When I honeymooned with my husband in Mexico in the summer of 2007, I chastised him for bringing his laptop, then used it to periodically check in at work.

When I went to Europe for two weeks this past summer, I was ready to come home after two days. There were contracts I had to sign. Edits that had to be done. And I couldn’t stop thinking of all the teaching opportunities I was missing out on.

Several weeks ago, as I chatted with my writing partner via Skype, she told me that — once I popped out my baby this coming July — I should expect to not work for two months.

My head just about exploded.

The photo above is of the first two pieces of baby apparel I’ve been gifted since announcing my pregnancy.

The one on the left: “born to read.”

The one on the right: “namaste,” accompanied by an image of Ganesh.

These represent, pretty perfectly, the two biggest pieces of my identity at this point in my life (barring “cat lady”). In fact, thanks to finally achieving a perfect balance between teaching yoga and taking on writing and editing work, I’m experiencing the most financially secure year of my freelance career. This fresh on the heels of my least lucrative year ever.

It took us three and a half years to get pregnant, and I’m so happy about the baby in my belly, my heart just about can’t take it. But the prospect of a two-month maternity leave makes me wonder: am I about to lose all the other ground I’ve gained?
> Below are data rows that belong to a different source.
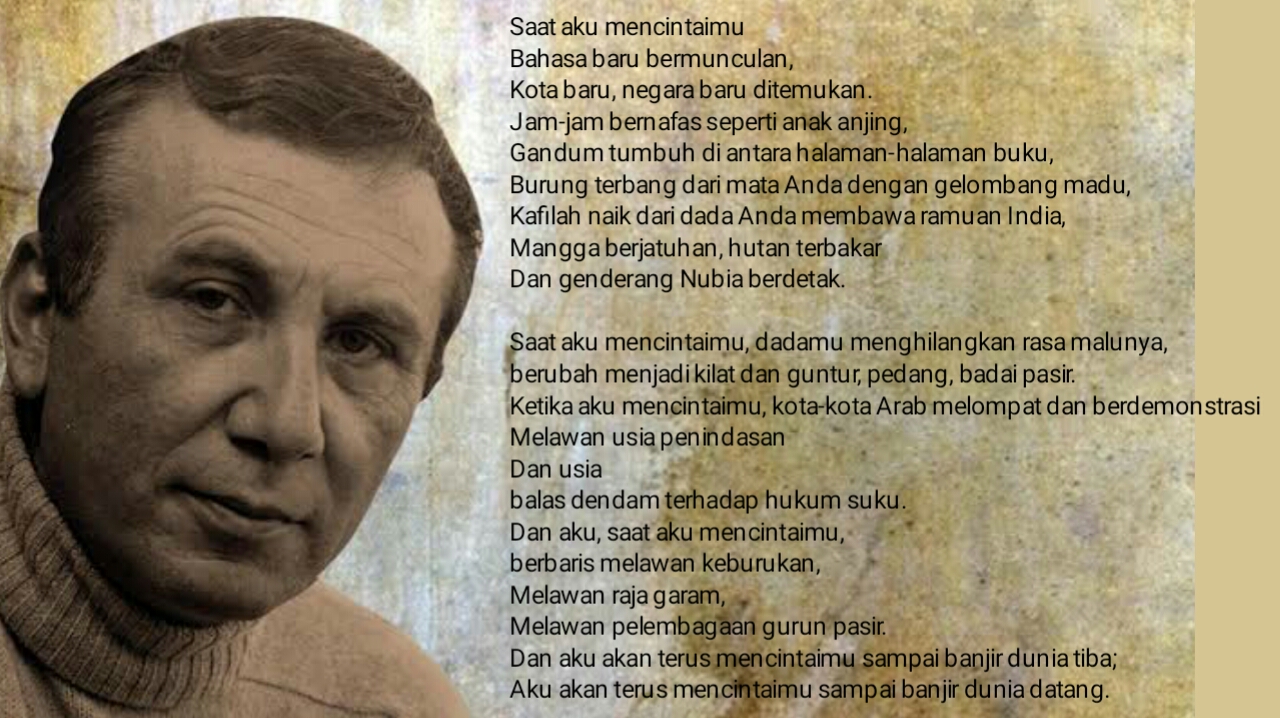 Detail Nizar Qabbani Puisi Nomer 11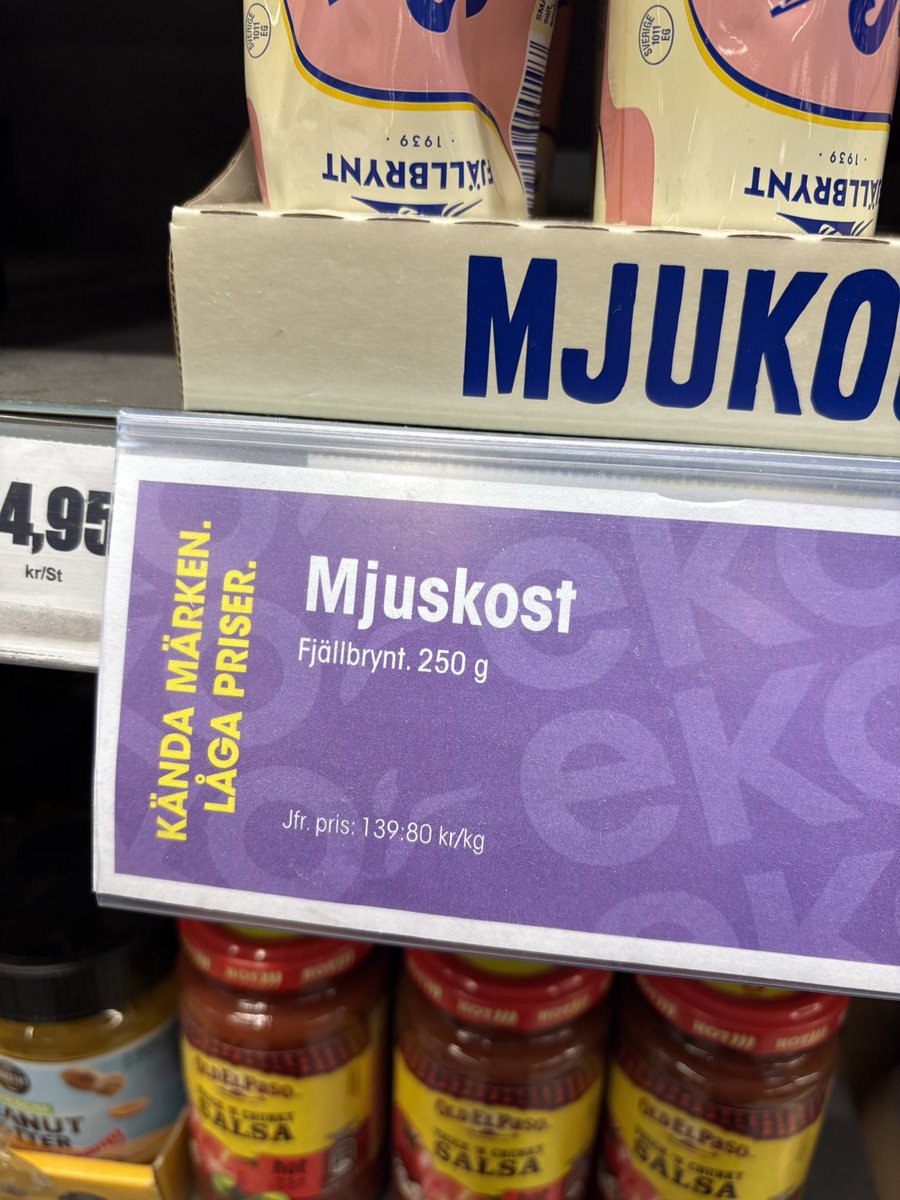 abjorklundd's tweet photo. Mjukost? Nä Mjuskost! https://t.co/rdXgSbInKb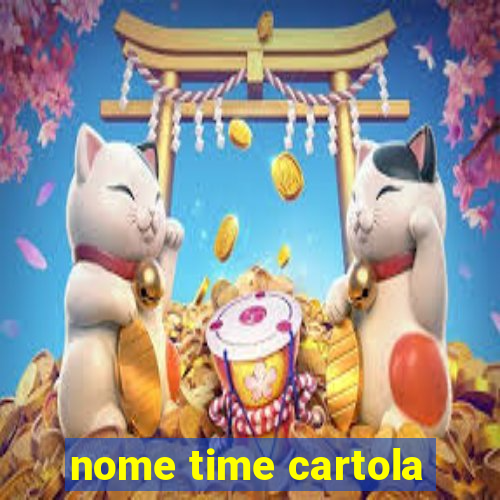 nome time cartola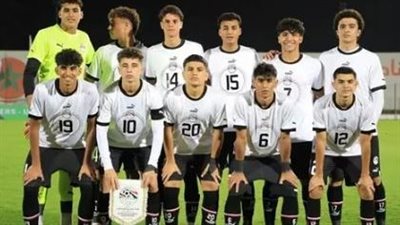 منتخب مصر للناشئين     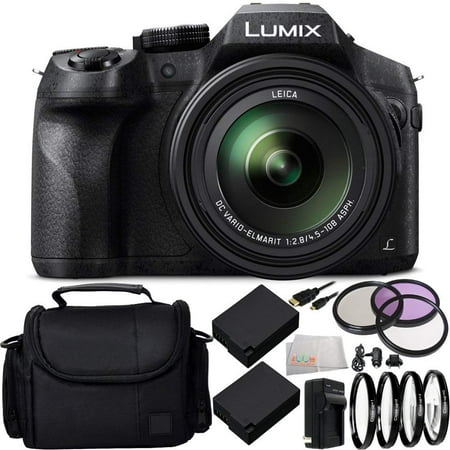 Panasonic Lumix DMC-FZ300 Digital Camera 15PC Accessory Kit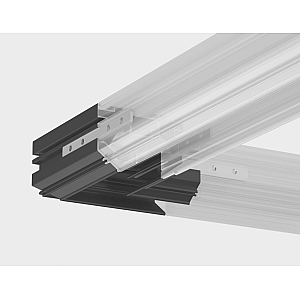 Коннектор угловой Ambrella Light Magnetic Ultra slim GV1152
What am I doing with myself these days, besides futzing about on Twitter and compulsively taking an infinite amount of BuzzFeed quizzes? I’ve become the senior writer/editor for a nonprofit professional organization, managing and producing online content (both newsletters and blog posts) aimed at sexual health professionals. I’ve just signed on to manage social media for another social services organization. I blog for Ploughshares. I take on additional, one-off writing and editing gigs as they come my way. I teach at least four yoga classes a week. And in the time I have left over, I write essays, which I then submit to literary magazines and anthologies.

Life feels balanced. Life feels pretty darn good.

I know my priorities will change once my baby arrives. Hell, I’ve wanted to be a mom for about as long as I’ve wanted to be a writer. But right now, I worry. And not just about letting down my clients. Not just about losing professional momentum. Not just about missing that intellectual stimulation.

I worry because I’m a control freak, and I don’t trust anyone else to do the job right in my absence.

It’s why I’m insufferable I like working alone.

So for all those work-at-home moms out there, this is my plea for help. How did you manage your maternity leave? How did you prepare? How was your professional life affected post-baby?

And did that shift in identity rock your world?


  1. Believe me, some people would love to have the problems you’ve described here. Congrats on the announcement.